• **What you have to do**: Your reply must hold the lines from the one containing "2905 Browntop Court Leander TX 78641" to the end of the entries, copied exactly, with pictures excluded.

• **The input**:
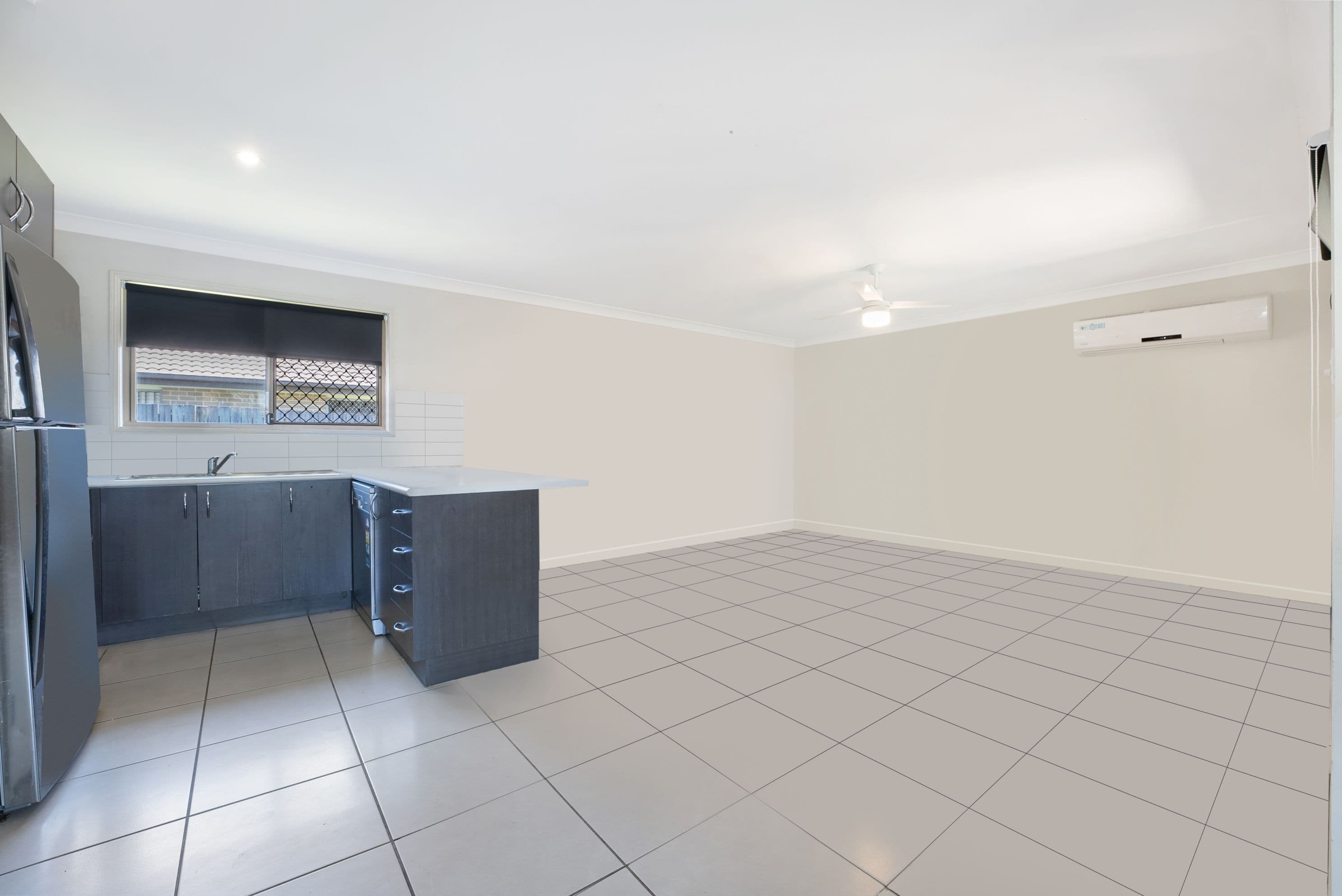 28 Seville Street, Bellmere QLD 4510, Bellmere - Thumbnail 3
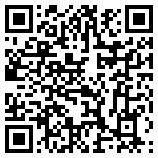 QR Code for Bear Paw Development in Havre, MT 59501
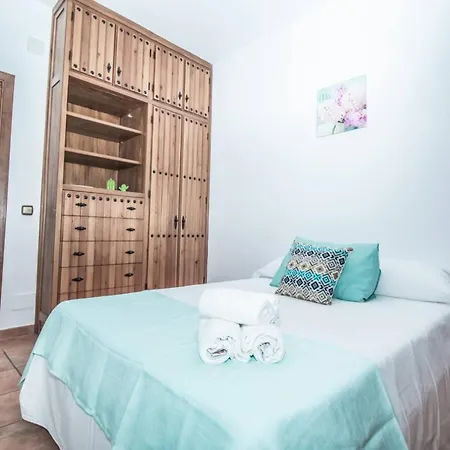 Apartman Cd-1926 Three Bedroom In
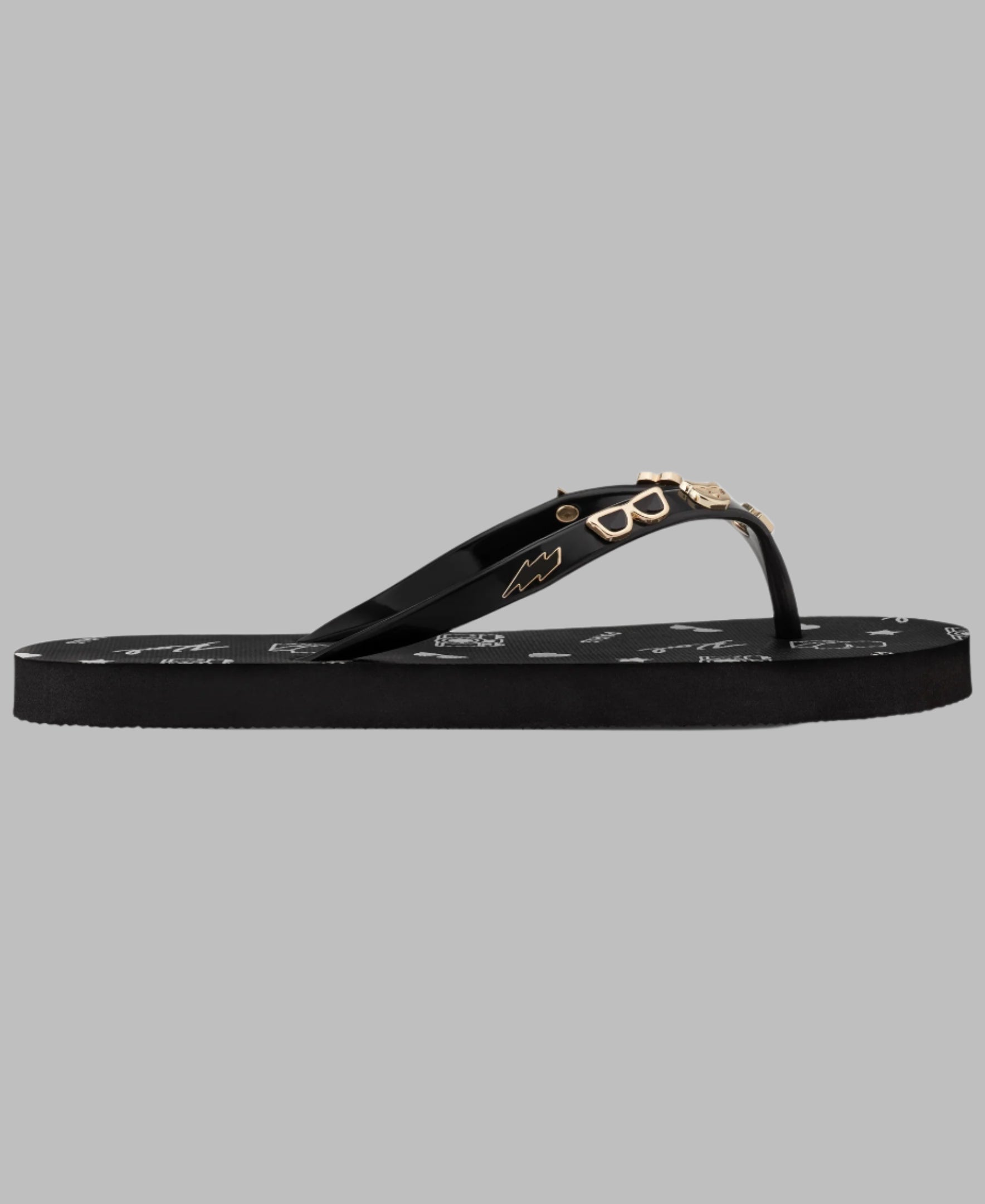 ZORICA-KL447446-BLACK-SIDEVIEW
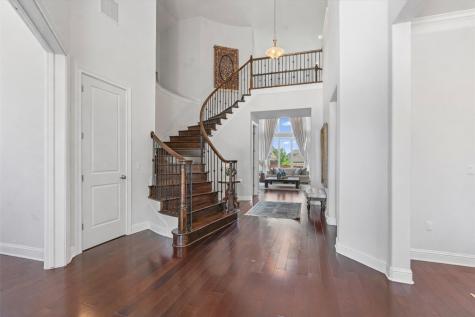 2905 Browntop Court Leander TX 78641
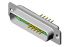 MOLEX 1731070075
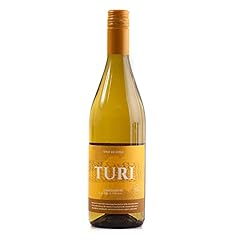 Turi chardonnay 75cl for sale  Delivered anywhere in UK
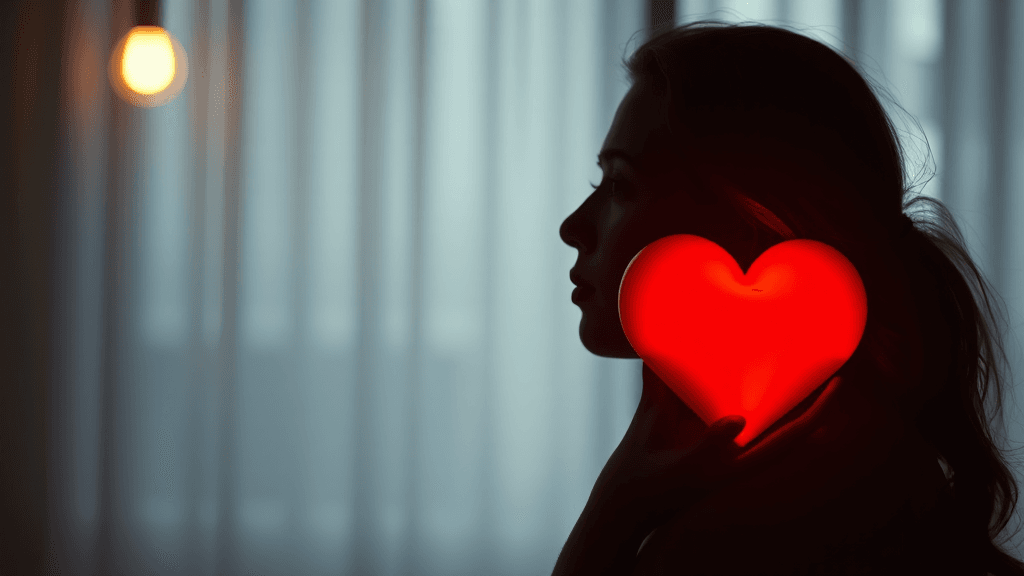 결론 (realistic 스타일)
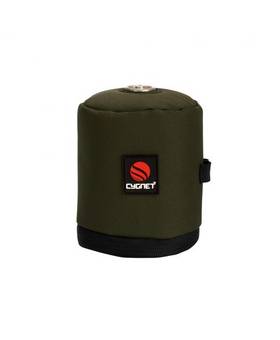 CYGNET GAS CANISTER COVER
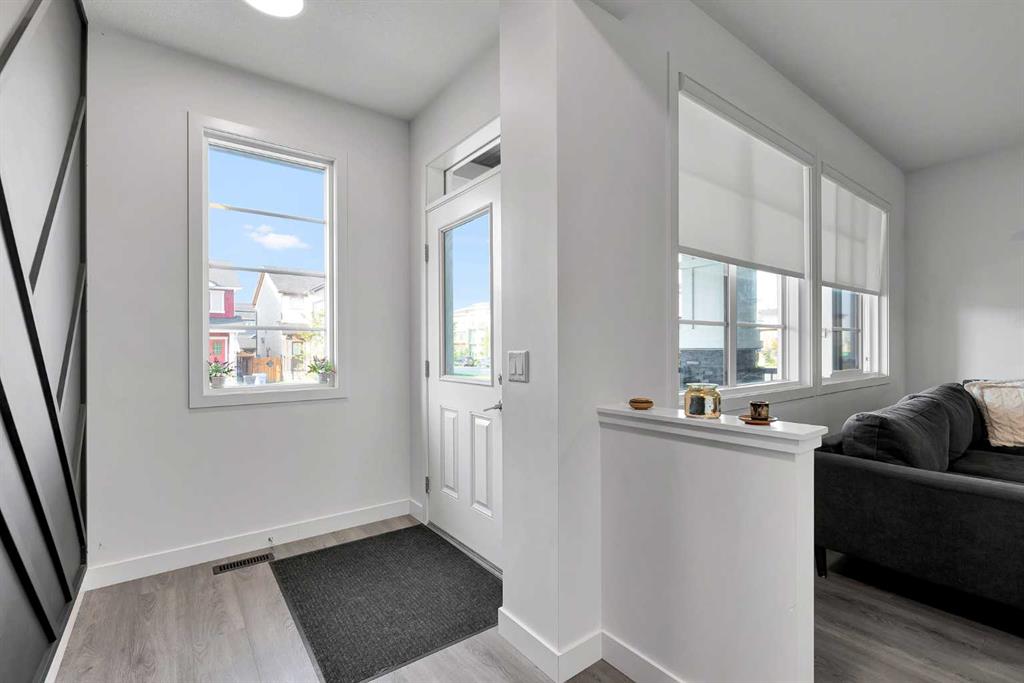 Picture for 117 Ambleton Drive NW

• **Problem solution**:
 2905 Browntop Court Leander TX 78641
 MOLEX 1731070075
 Turi chardonnay 75cl for sale  Delivered anywhere in UK
 결론 (realistic 스타일)
 CYGNET GAS CANISTER COVER
 Picture for 117 Ambleton Drive NW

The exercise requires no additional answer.